Вестник Челябинского государственного университета. 2013. № 2 (293).
Филология. Искусствоведение. Вып. 74. С. 89-92.
И. А. Голованов
УСТНЫЙ РАССКАЗ-ВОСПОМИНАНИЕ В СОВРЕМЕННОЙ КОММУНИКАЦИИ КАК ФОЛЬКЛОРНЫЙ ТЕКСТ
Анализируются содержание и форма рассказов-воспоминаний, бытующих в современной устной коммуникации, с позиций фольклористики. В центре внимания автора находятся традиционные фольклорные мотивы и образы, актуализируемые в таких произведениях. Утверждается, что рассказы-воспоминания, или мемораты, выступают важным источником пополнения фонда фольклорной прозы.
Ключевые слова: фольклорный текст, устный рассказ, меморат, фольклорное сознание, фольклоризация, мотив, образ, сюжет.
Важной особенностью бытия современного человека является процесс фольклоризации событий текущей истории. В круг переживаемого и осмысляемого им постоянно включаются факты собственной жизни, жизни его родных и знакомых.
Устные рассказы-воспоминания, воспроизводящие личные впечатления о событиях, участником или очевидцем которых был рассказчик, в фольклористике обозначаются термином меморат [3. С. 93]. Художественное своеобразие этих повествований, построенных на фактах реальной действительности, в том и состоит, что они не допускают фантазии, вымысла, в связи с чем жанр характеризуется отсутствием эстетической функции.
От преданий меморат отличается минимальной степенью обобщения жизненного материала, однако в нем в той или иной степени задействуется фольклорный мотив или образ, который и позволяет меморату в будущем «оторваться» от конкретного рассказчика, обрести относительную стабильность сюжета, подвергнуться дальнейшей фольклоризации.
Таким образом, мемораты являются важным источником пополнения фонда фольклорной прозы: в них происходит первоначальный отбор фактов реальной действительности, важных для носителей фольклора. Такой отбор осуществляется уже в самом коммуникативном акте, в процессе устной передачи впечатлений участника или очевидца событий другому человеку. Моменту рассказа, в свою очередь, предшествует отбор информации в сознании говорящего - через эмоции, чувства.

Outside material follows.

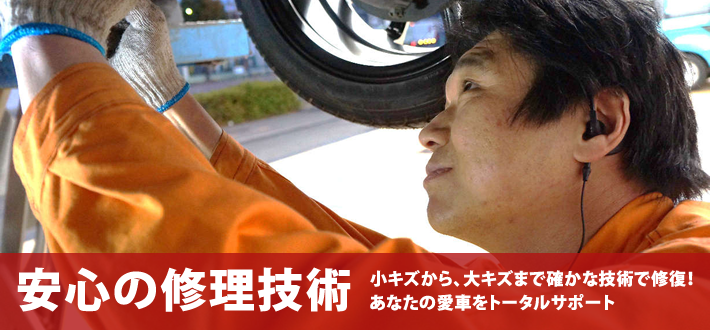 安心の修理技術メイン画像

Из множества разнообразных жизненных впечатлений выбирается материал, который, по мнению носителя фольклорного сознания, заслуживает того, чтобы быть рассказанным: он произвел сильное впечатление на самого
рассказчика; заключенная в нем информация может быть полезна и интересна слушателю; события прошлого находят свое созвучие в настоящем и пр. В процессе бытования подобного мемората возможен отказ от первого лица, приобретение меморатом обобщенной формы и в итоге - преобразование его в фабулат, имеющий варианты (или, по общепринятой терминологии, предание).
Воспроизводство фольклорных мотивов в жанре мемората предполагает определенные условия. Главным условием является возникновение «временного коллектива» (два человека и более) как единого пространства на основе заинтересованного устного общения. Целесообразно выделять три составляющие этого общения: устно звучащее слово, личностно значимые темы и атмосфера доверительности.
Обращение к фольклорным мотивам в ме-моратах происходит незаметно для самого рассказчика - он не отдает себе в этом отчета. Приведем в качестве подтверждения этому фрагмент беседы автора с коренным жителем Кыштыма, в прошлом лесником, Рябининым Германом Константиновичем, 1931 г. р. Летом 2009 г., во время объезда примечательных мест Кыштыма, который сопровождался рассказом об истории края, он невольно выходил за рамки «официального» прошлого и обращался к событиям из своего личного опыта. Тема разговора плавно переходила от чувств, переполняющих рассказчика, к фактам истории, от воспоминаний о детстве - к событиям пугачевского восстания, и наоборот.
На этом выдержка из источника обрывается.